> _Assignment_: Restate the following data in its entirety, word for word and without images.

> _Dataset content_:
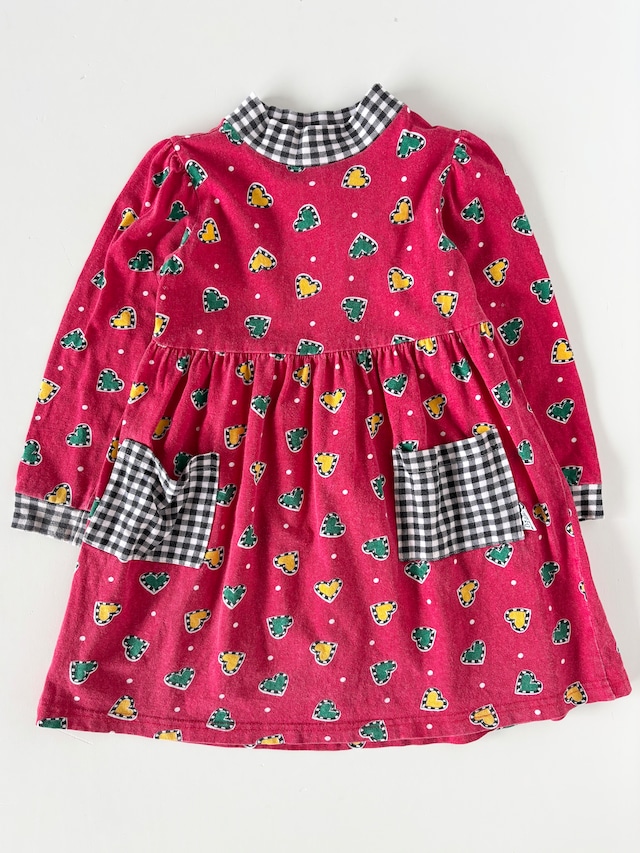 【4T相当・vintage】Disney dress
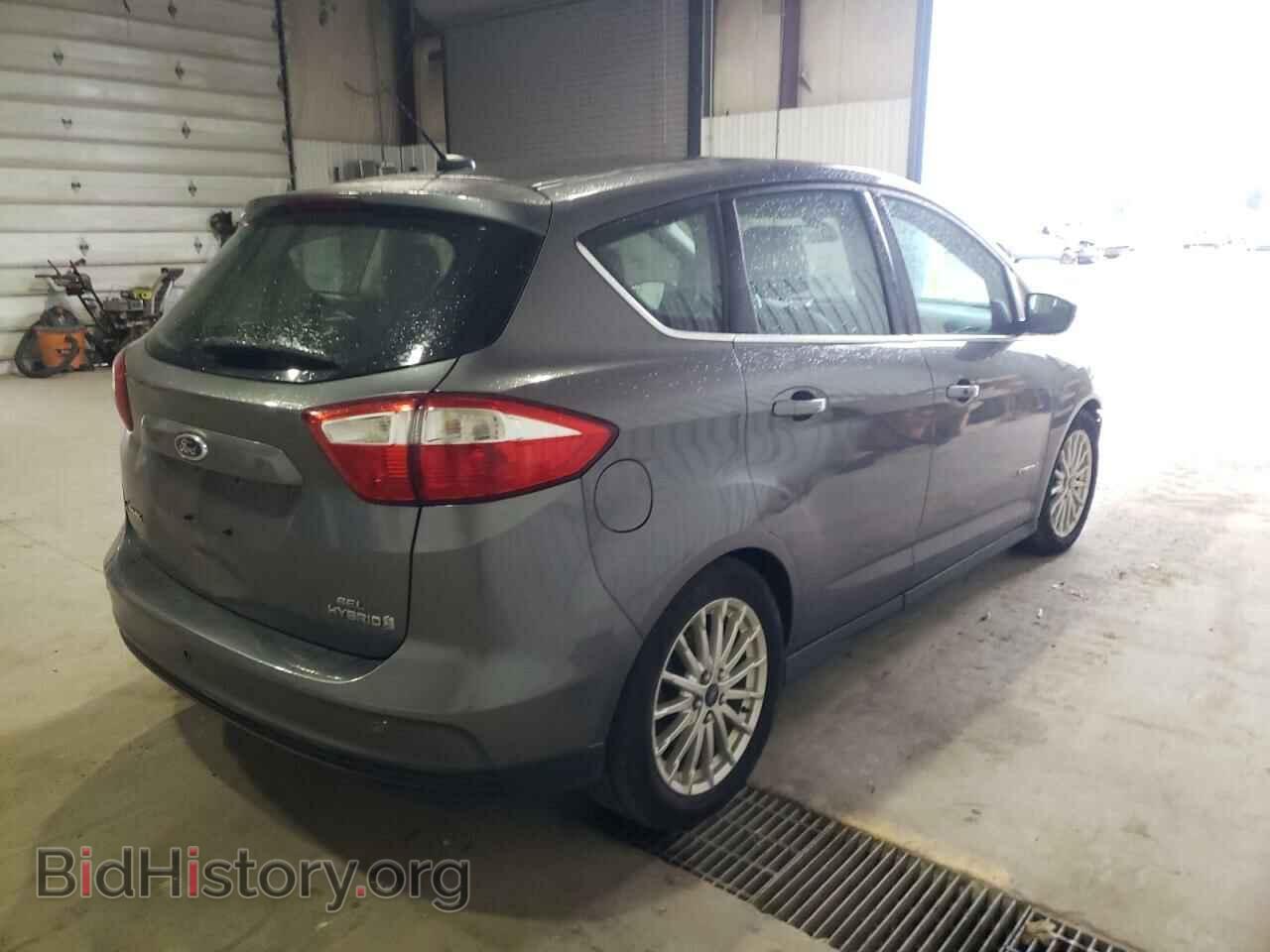 2013 FORD CMAX - VIN: 1FADP5BU9DL538099 - Фото 3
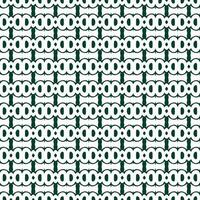 Harmonious blend of green colors patterns vector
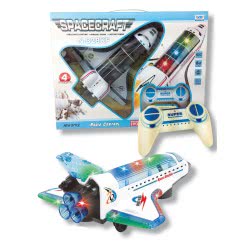 OEM JY Toys R/C Διαστημόπλοιο Spacecraft Τηλεκατευθυνόμενο 4Κάναλο 4-04255 5205812027091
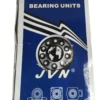 JVN UCP 218 Pillow Block Bearing (Shaft Dia 90mm) – Sealed Type with Rubber Seals | Z2V2+ Grade | HT200+ Grade Steel | G10 Balls | High RPM | For Conveyor Systems, Agricultural Machinery, Pumps, Gearboxes, Electric Motors, Industrial Fans, Grinders, Textile Machines, Material Handling Equipment, Compressors – 1PC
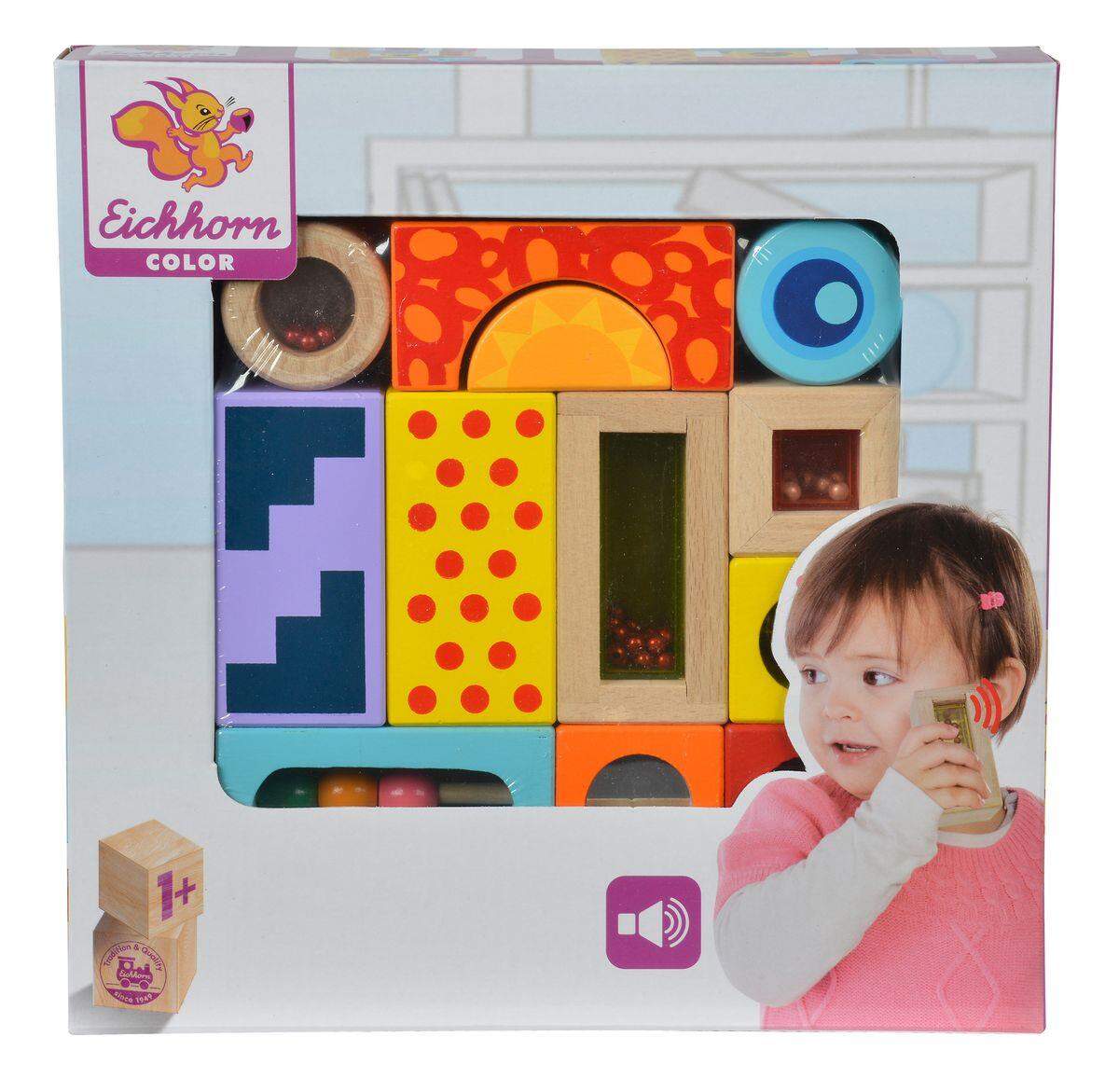 Simba Eichhorn Color Klangbausteine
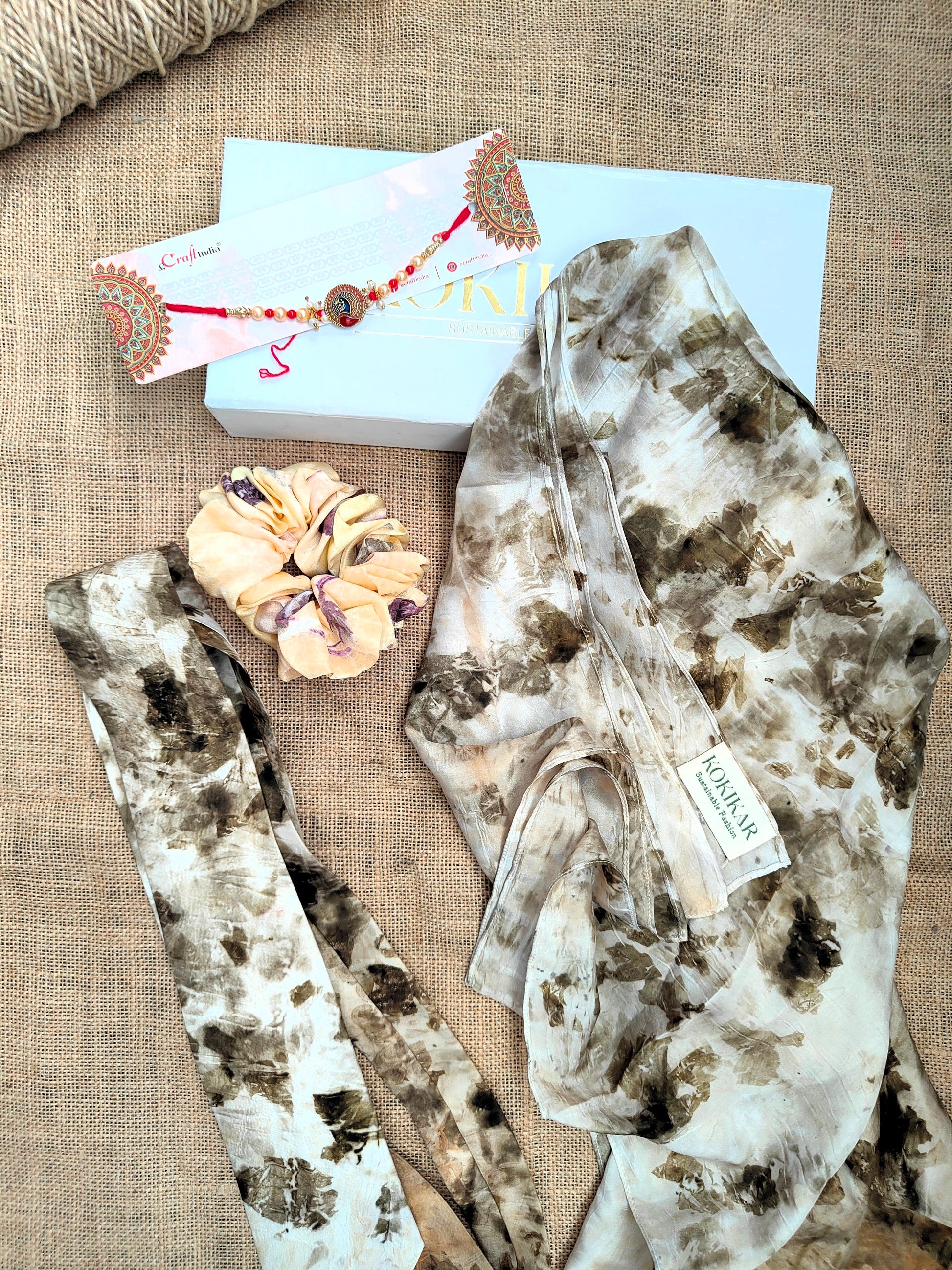 Organic Fabric Gift Box Set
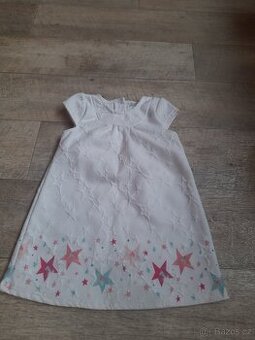 Šaty hvězdička 92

> _Answer to the problem_:
 【4T相当・vintage】Disney dress
 2013 FORD CMAX - VIN: 1FADP5BU9DL538099 - Фото 3
 Harmonious blend of green colors patterns vector
 OEM JY Toys R/C Διαστημόπλοιο Spacecraft Τηλεκατευθυνόμενο 4Κάναλο 4-04255 5205812027091
 JVN UCP 218 Pillow Block Bearing (Shaft Dia 90mm) – Sealed Type with Rubber Seals | Z2V2+ Grade | HT200+ Grade Steel | G10 Balls | High RPM | For Conveyor Systems, Agricultural Machinery, Pumps, Gearboxes, Electric Motors, Industrial Fans, Grinders, Textile Machines, Material Handling Equipment, Compressors – 1PC
 Simba Eichhorn Color Klangbausteine
 Organic Fabric Gift Box Set
 Šaty hvězdička 92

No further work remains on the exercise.